• **Problem to work on**: In the records below, find the line with "The Bear Who Went Boo! |", then copy each line exactly until you have copied the line with "kaori94's cooksnap of when they made 油揚げの田楽.". Leave any picture out.

• **Source material**:
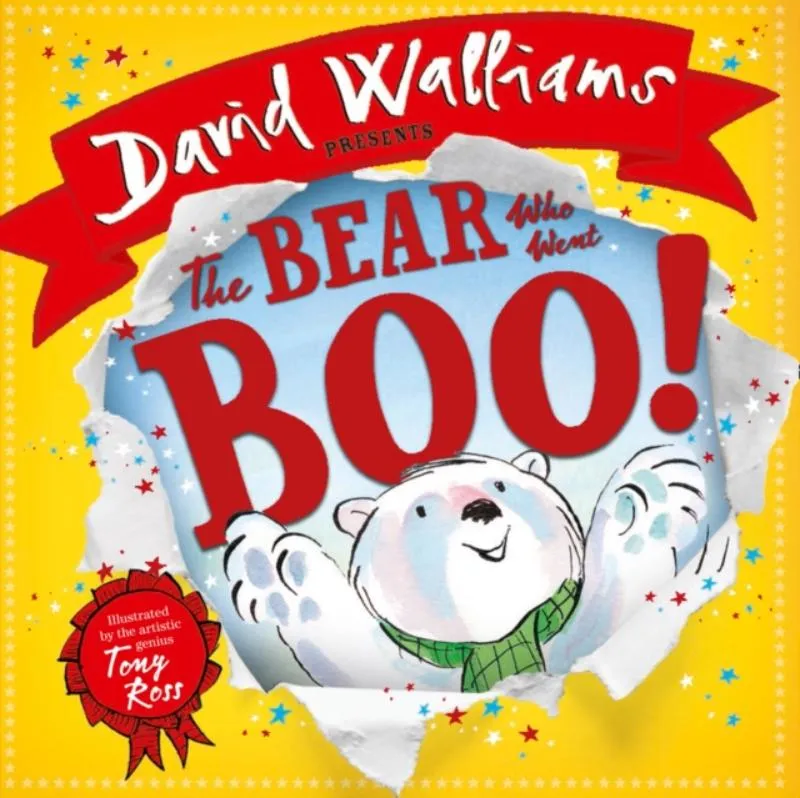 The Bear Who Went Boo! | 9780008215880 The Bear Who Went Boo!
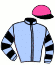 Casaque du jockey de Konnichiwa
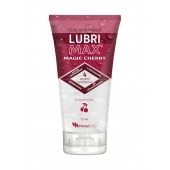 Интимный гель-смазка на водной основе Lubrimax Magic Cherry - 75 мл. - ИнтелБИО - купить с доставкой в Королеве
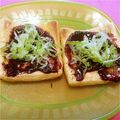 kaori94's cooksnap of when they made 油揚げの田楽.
==
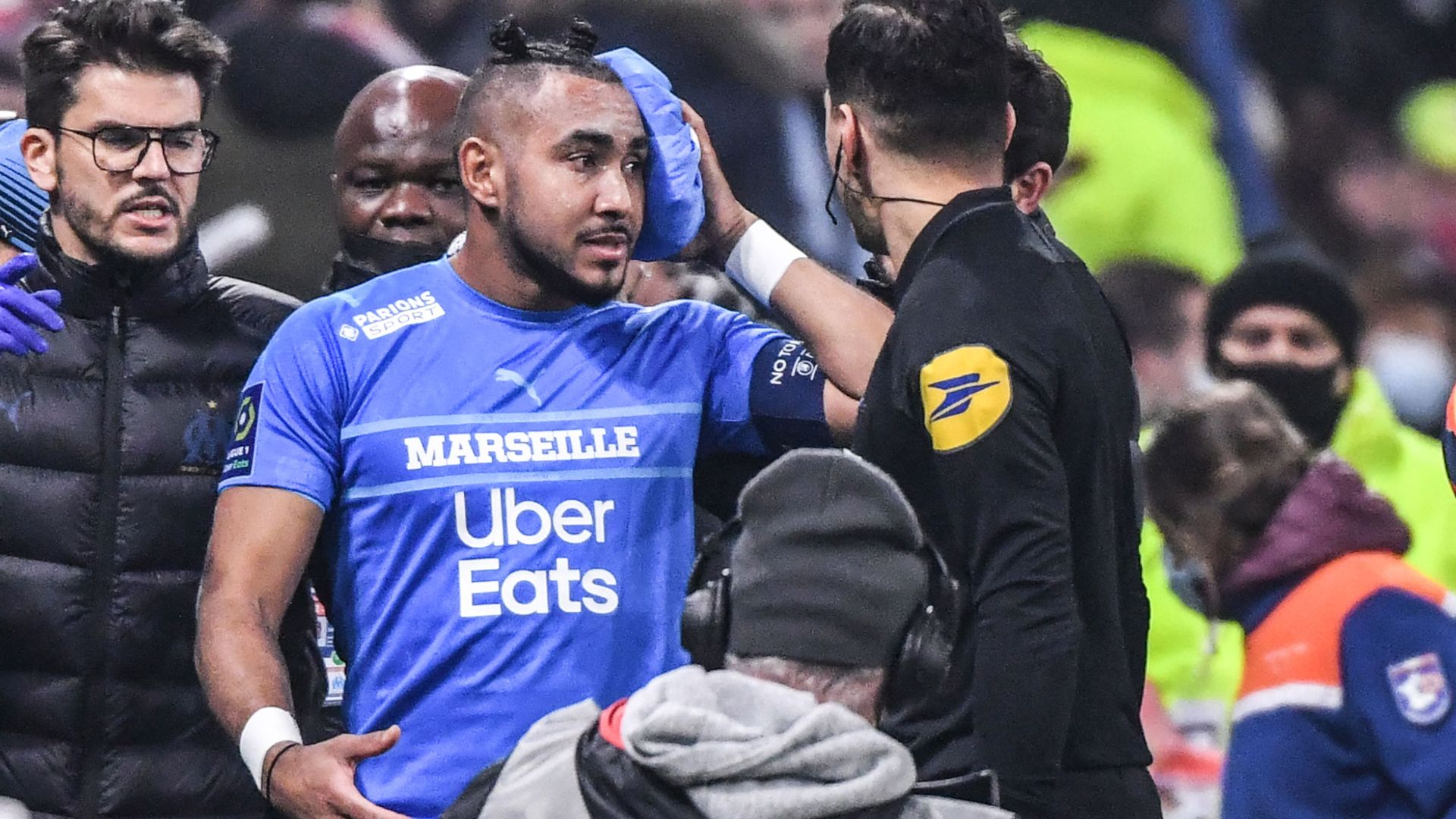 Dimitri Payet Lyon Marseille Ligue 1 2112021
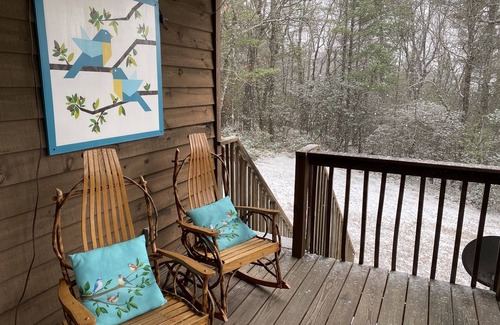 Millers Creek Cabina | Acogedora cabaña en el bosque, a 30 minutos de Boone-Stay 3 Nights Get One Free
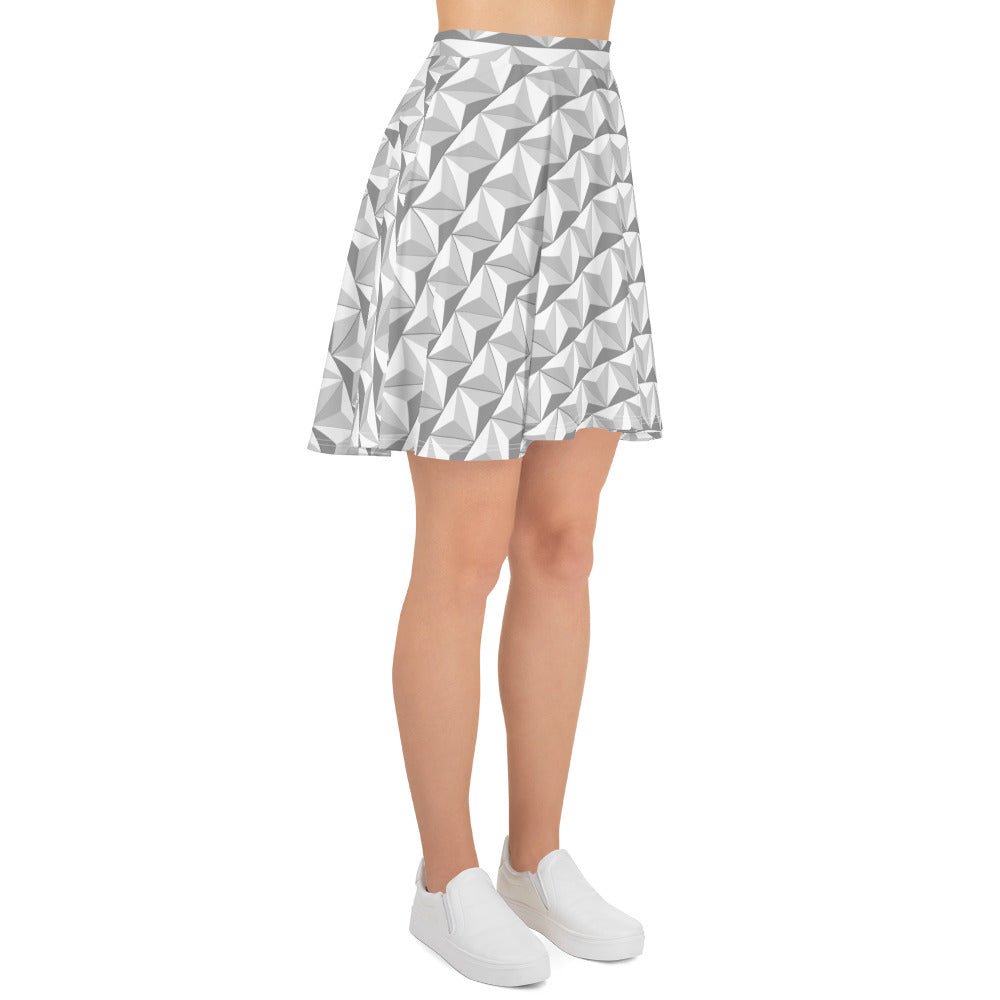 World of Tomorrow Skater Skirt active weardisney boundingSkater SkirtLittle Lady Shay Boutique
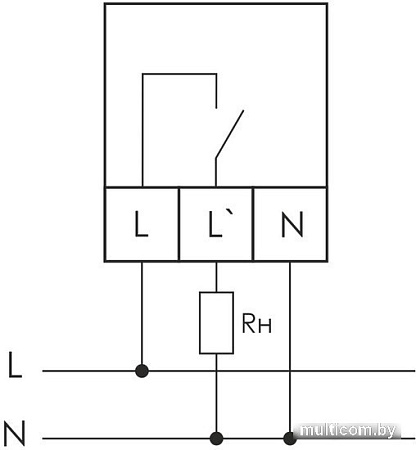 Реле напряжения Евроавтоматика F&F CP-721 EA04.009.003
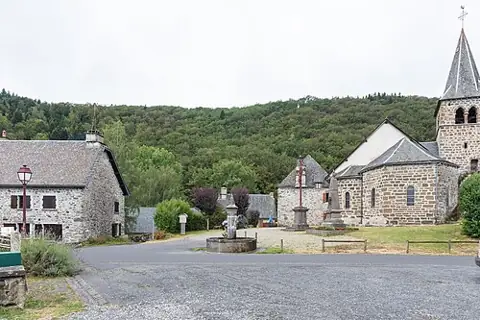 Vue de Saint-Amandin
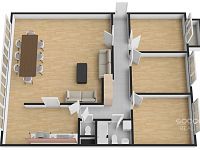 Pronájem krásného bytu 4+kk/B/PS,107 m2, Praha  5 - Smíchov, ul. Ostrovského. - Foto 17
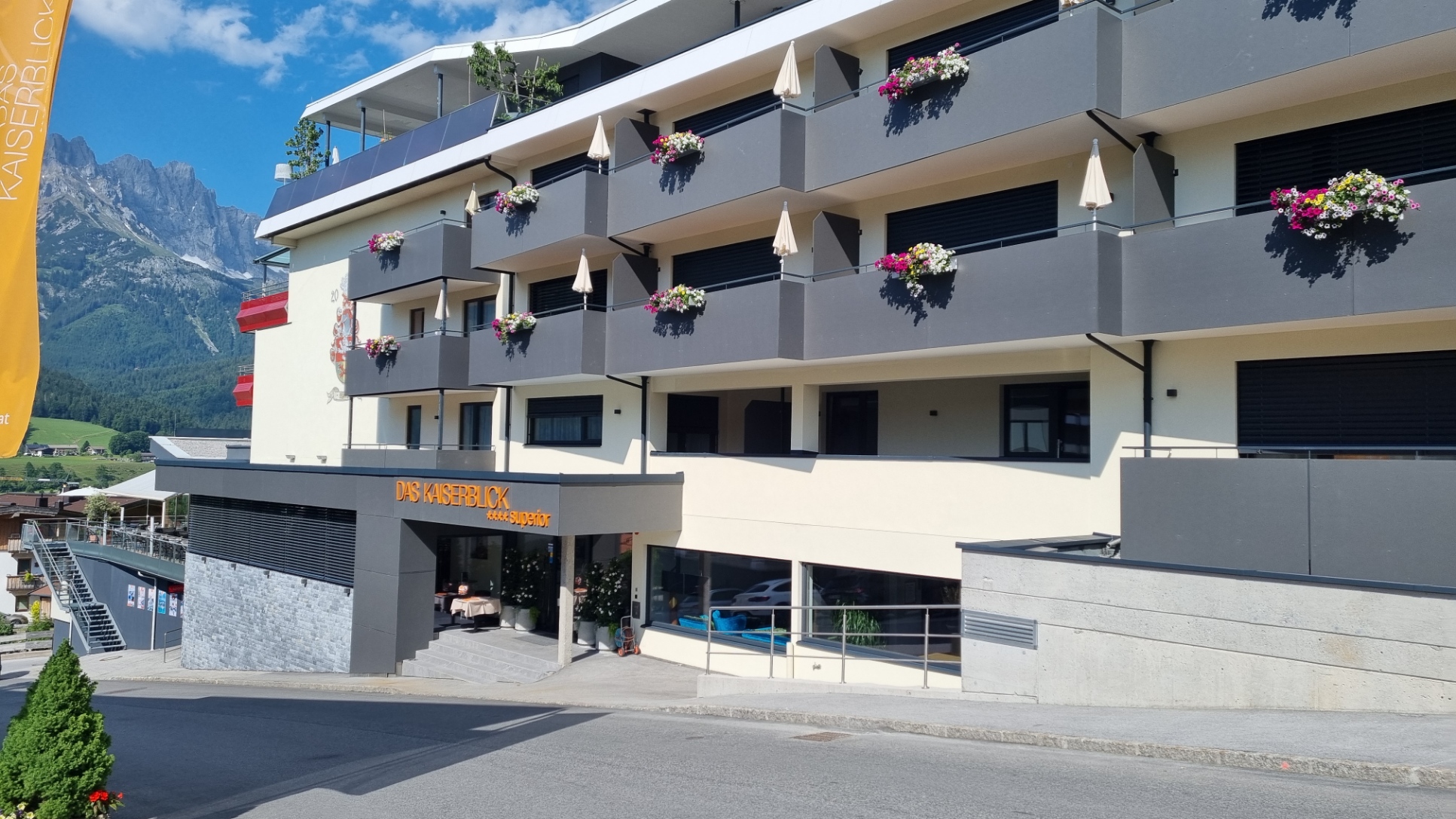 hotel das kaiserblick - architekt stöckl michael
* * *
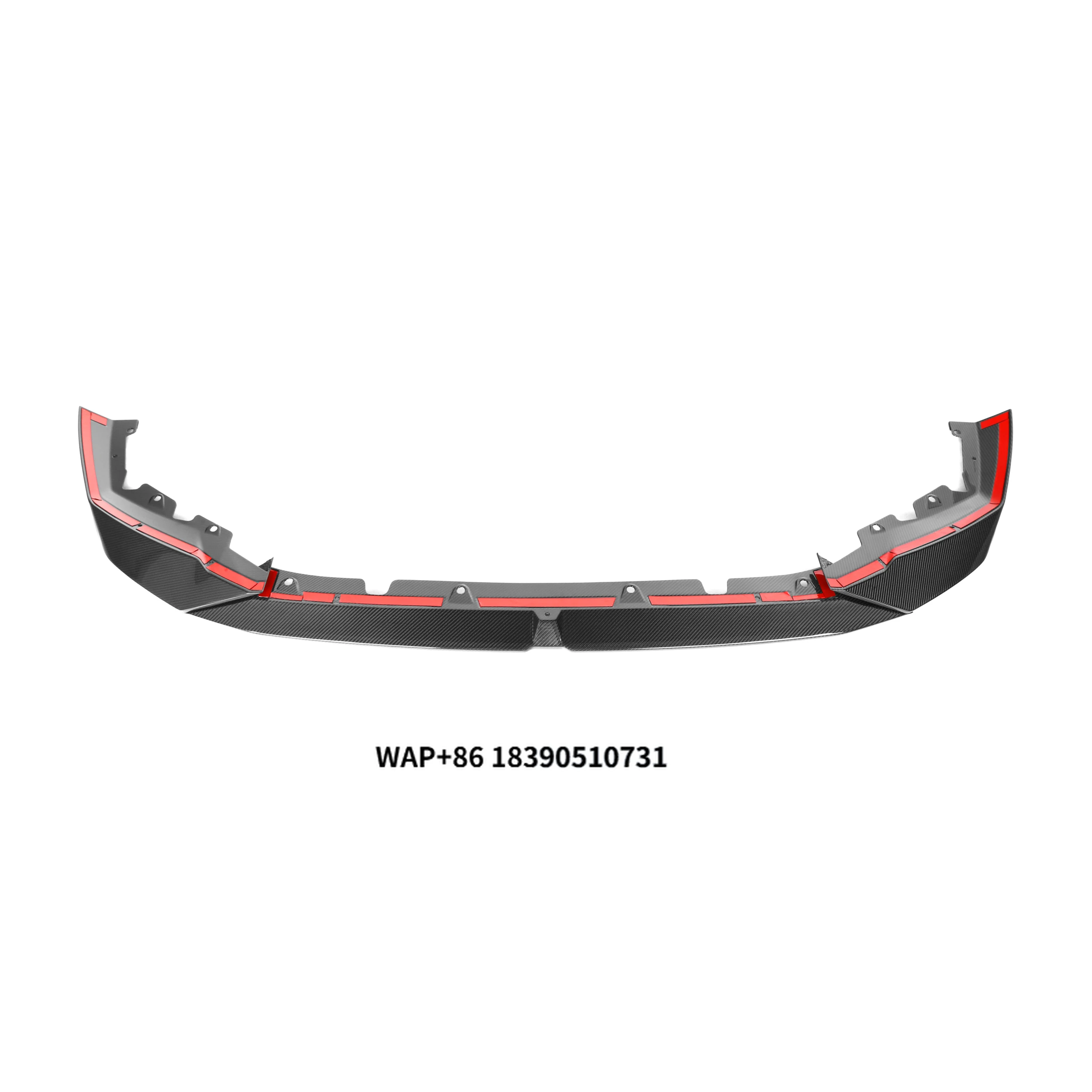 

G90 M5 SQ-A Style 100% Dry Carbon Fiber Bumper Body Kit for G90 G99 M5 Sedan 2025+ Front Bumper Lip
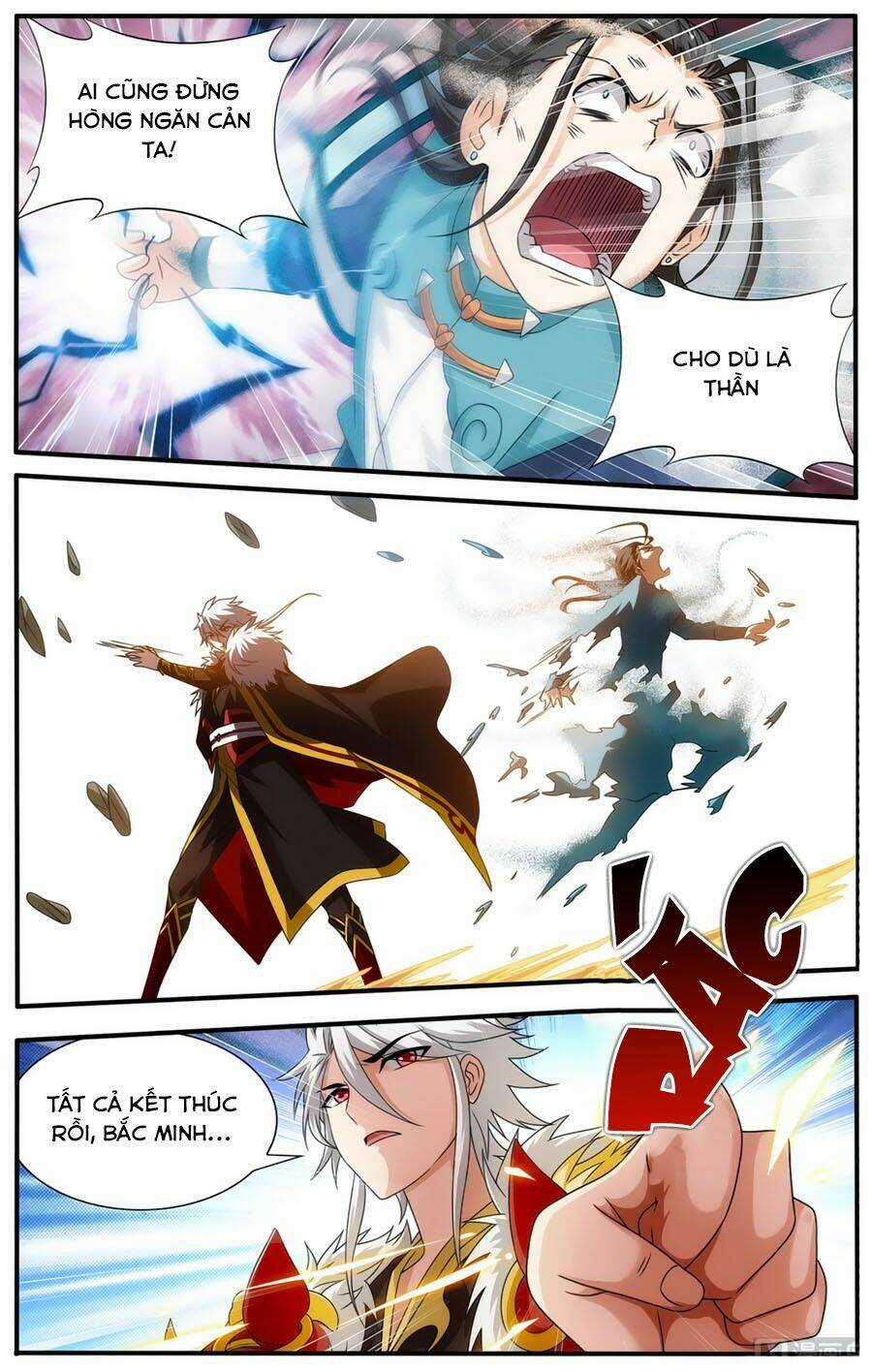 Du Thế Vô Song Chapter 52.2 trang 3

• **Response for this exercise**:
 The Bear Who Went Boo! | 9780008215880 The Bear Who Went Boo!
 Casaque du jockey de Konnichiwa
 Интимный гель-смазка на водной основе Lubrimax Magic Cherry - 75 мл. - ИнтелБИО - купить с доставкой в Королеве
 kaori94's cooksnap of when they made 油揚げの田楽.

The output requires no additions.